Now suppose that inadvertently we give our AI agent the redundant information that an electronic component has passed the heating test and the voltage test. What will the agent say about the probability of early failure, given this duplicate information? will it count the test twice? Let’s calculate:

\[ \begin{aligned} &\mathrm{P}(\mathsfit{f}\nonscript\:\vert\nonscript\:\mathopen{} \mathsfit{v}\land \mathsfit{h}\land \mathsfit{Z})&& \\[1ex] &\qquad= \frac{\mathrm{P}(\mathsfit{f}\land \mathsfit{v}\nonscript\:\vert\nonscript\:\mathopen{} \mathsfit{h}\land \mathsfit{Z})}{ \mathrm{P}(\mathsfit{v}\nonscript\:\vert\nonscript\:\mathopen{} \mathsfit{h}\land \mathsfit{Z}) } &&\text{\small ∧-rule} \\[1ex] &\qquad= \frac{\mathrm{P}(\mathsfit{f}\land \mathsfit{v}\nonscript\:\vert\nonscript\:\mathopen{} \mathsfit{h}\land \mathsfit{Z})}{1} =\mathrm{P}(\mathsfit{f}\land \mathsfit{v}\nonscript\:\vert\nonscript\:\mathopen{} \mathsfit{h}\land \mathsfit{Z}) &&\text{\small initial probability} \\[1ex] &\qquad= \mathrm{P}(\mathsfit{v}\nonscript\:\vert\nonscript\:\mathopen{} \mathsfit{f}\land \mathsfit{h}\land \mathsfit{Z}) \cdot \mathrm{P}(\mathsfit{f}\nonscript\:\vert\nonscript\:\mathopen{} \mathsfit{h}\land \mathsfit{Z}) &&\text{\small ∧-rule} \\[1ex] &\qquad= 1 \cdot \mathrm{P}(\mathsfit{f}\nonscript\:\vert\nonscript\:\mathopen{} \mathsfit{h}\land \mathsfit{Z}) &&\text{\small truth cannot be altered} \\[1ex] &\qquad= 0.1 &&\text{\small initial probability} \end{aligned} \]

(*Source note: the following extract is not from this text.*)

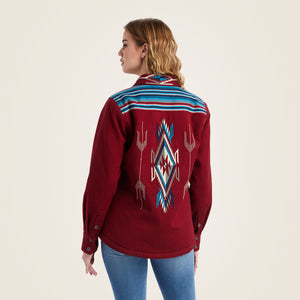 Ariat Women's Shacket Chimayo Shirt Jacket, Rubaiyat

The AI agent, thanks to the truth-rule or equivalently the and-idempotence rule, correctly detected the redundancy of the sentence \(\mathsfit{v}\) (“the element passed the voltage test”) and automatically discarded it.

This feature is of paramount importance in machine learning and data-driven engineering: the “features” that we give as an input to a machine-learning classifier could contain redundancies that we don’t recognize, owing to the complexity of the data space. But if the classifier makes inferences according to the four fundamental rules, it will automatically discard any redundant features.